We utilize dielectric relaxation process for the quantitative characterization of antiplasticization of trehalose by glycerol. The high frequency Johari-Goldstein relaxation time was obtained by analyzing the complex permittivity data in terms of the distribution function of relaxation times and a regularization technique. We analyzed the dielectric spectrum without prior assumptions about a spectral function and the number of the relaxation processes. We observe that increasing the glycerol concentration at fixed temperature increases the high frequency relaxation time (τ) extending antiplasticization until a temperature dependent critical plasticization concentration xwp is reached. At a fixed concentration, we find a temperature at which antiplasticization first occurs upon cooling and we designate this as the antiplasticization temperature , Tant.
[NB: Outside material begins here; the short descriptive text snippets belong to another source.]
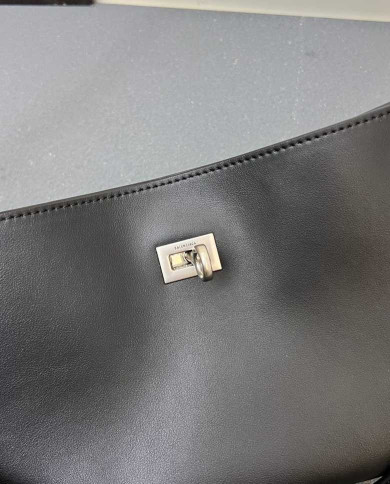 Balenciaga Fashion Buckle Shoulder Bag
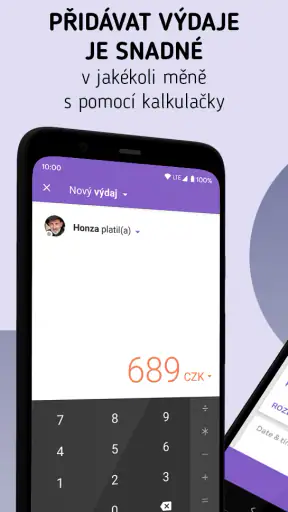Settle Up – dlužníček screenshot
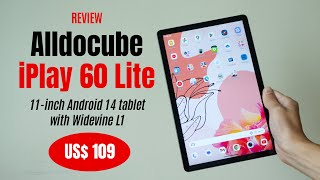 Alldocube iPlay 60 LITE review: World's first Android 14 tablet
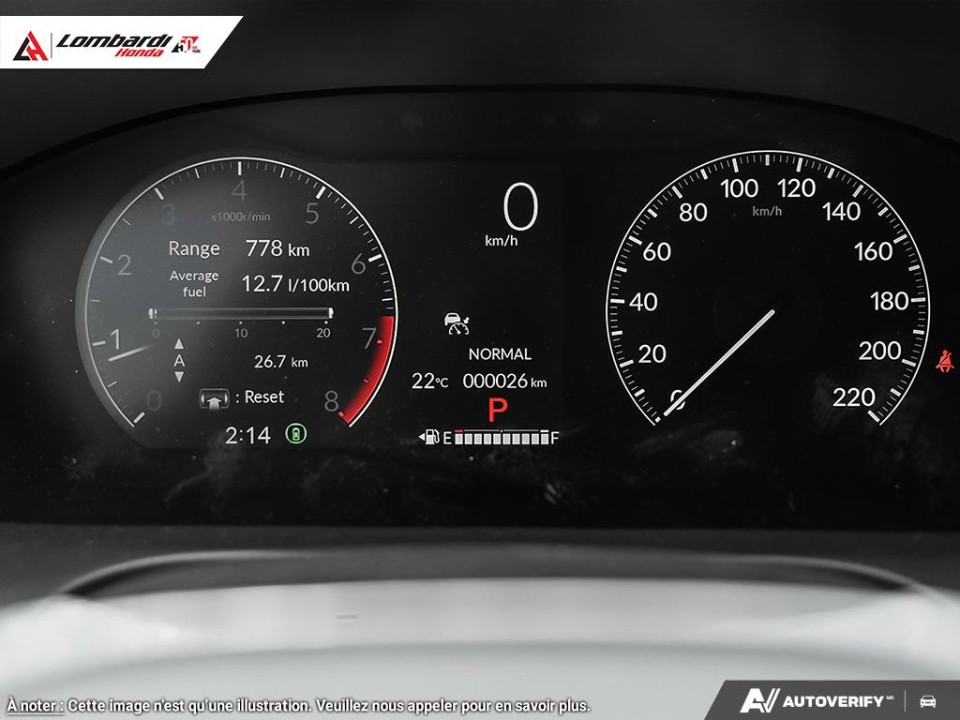 2027 HONDA HR-V - Image 11
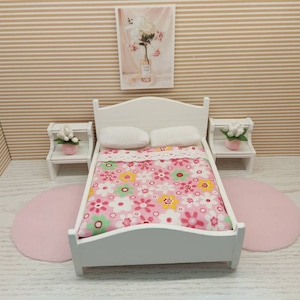 Lundby original bedroom set with tiny accessories inclusive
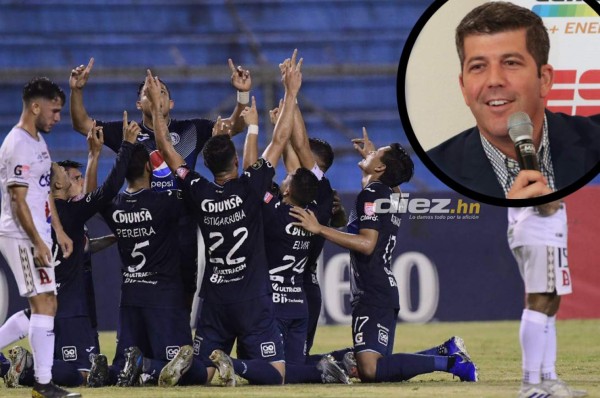 Fernando Palomo da como favorito a Motagua en la final de Liga Concacaf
The anti-plasticizing effect becomes more pronounced at low temperatures, and the glycerol concentration at which the maximum in t occurs itself depends on temperature. The relaxation time peaks at about 10-6 s for T = 297 K, while for T = 250 K the maximum is on the order of 10-3 s. At 250 K the peak is located near a 0.35 mass fraction of glycerol. Above this concentration range, t decreases and the antiplasticizing effect apparently no longer exists. The ratio of τ values for the mixture and pure trehalose, antiplasticization factor, is found to provide a useful measure of the extent of antiplasticization. The antiplasticization factor that we describe is applicable to characterize preservation of proteins in sugar formulations and molecular dynamics of synthetic polymers, complex liquids and other glassy materials.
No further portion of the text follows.